Sim2Real-Fire: A Multi-modal Simulation Dataset for Forecast and Backtracking of Real-world Forest Fire

Part of Advances in Neural Information Processing Systems 37 (NeurIPS 2024) Datasets and Benchmarks Track

Bibtex Paper Supplemental

Authors

Yanzhi Li, Keqiu Li, LI GUOHUI, zumin wang, Chanqing Ji, Lubo Wang, Die Zuo, Qing Guo, Feng Zhang, Manyu Wang, Di Lin

Abstract

The latest research on wildfire forecast and backtracking has adopted AI models, which require a large amount of data from wildfire scenarios to capture fire spread patterns.

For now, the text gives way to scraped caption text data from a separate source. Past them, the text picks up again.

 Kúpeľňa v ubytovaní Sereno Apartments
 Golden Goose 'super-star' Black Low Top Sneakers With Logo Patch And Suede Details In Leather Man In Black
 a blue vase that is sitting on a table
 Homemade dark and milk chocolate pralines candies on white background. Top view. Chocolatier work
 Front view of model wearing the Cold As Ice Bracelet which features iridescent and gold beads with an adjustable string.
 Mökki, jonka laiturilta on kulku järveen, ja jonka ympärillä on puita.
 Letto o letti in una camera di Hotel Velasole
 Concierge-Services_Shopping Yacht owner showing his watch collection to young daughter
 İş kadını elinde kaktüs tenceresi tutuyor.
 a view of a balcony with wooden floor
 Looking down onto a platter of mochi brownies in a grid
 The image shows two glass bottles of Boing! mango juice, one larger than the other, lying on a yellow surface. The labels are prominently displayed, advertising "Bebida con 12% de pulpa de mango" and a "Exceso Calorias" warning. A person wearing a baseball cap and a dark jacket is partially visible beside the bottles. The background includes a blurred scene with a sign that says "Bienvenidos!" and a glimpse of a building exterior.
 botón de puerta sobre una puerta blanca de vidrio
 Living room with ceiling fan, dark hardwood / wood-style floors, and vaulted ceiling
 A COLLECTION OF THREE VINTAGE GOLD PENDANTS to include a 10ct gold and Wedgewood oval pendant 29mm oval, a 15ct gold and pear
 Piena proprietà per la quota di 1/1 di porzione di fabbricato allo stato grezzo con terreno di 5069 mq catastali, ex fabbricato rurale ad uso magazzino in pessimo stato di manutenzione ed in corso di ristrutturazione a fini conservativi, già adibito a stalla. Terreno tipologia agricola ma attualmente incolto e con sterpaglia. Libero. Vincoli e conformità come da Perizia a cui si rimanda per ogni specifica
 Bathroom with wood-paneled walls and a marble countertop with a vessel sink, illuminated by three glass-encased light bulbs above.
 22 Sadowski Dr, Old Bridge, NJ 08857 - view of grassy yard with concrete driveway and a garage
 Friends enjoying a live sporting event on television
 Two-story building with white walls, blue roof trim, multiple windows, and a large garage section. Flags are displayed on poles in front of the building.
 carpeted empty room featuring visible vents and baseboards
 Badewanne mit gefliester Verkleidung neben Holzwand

This paper explores using cost-effective simulated wildfire scenarios to train AI models and apply them to the analysis of real-world wildfire. This solution requires AI models to minimize the Sim2Real gap, a brand-new topic in the fire spread analysis research community. To investigate the possibility of minimizing the Sim2Real gap, we collect the Sim2Real-Fire dataset that contains 1M simulated scenarios with multi-modal environmental information for training AI models. We prepare 1K real-world wildfire scenarios for testing the AI models. We also propose a deep transformer, S2R-FireTr, which excels in considering the multi-modal environmental information for forecasting and backtracking the wildfire. S2R-FireTr surpasses state-of-the-art methods in real-world wildfire scenarios.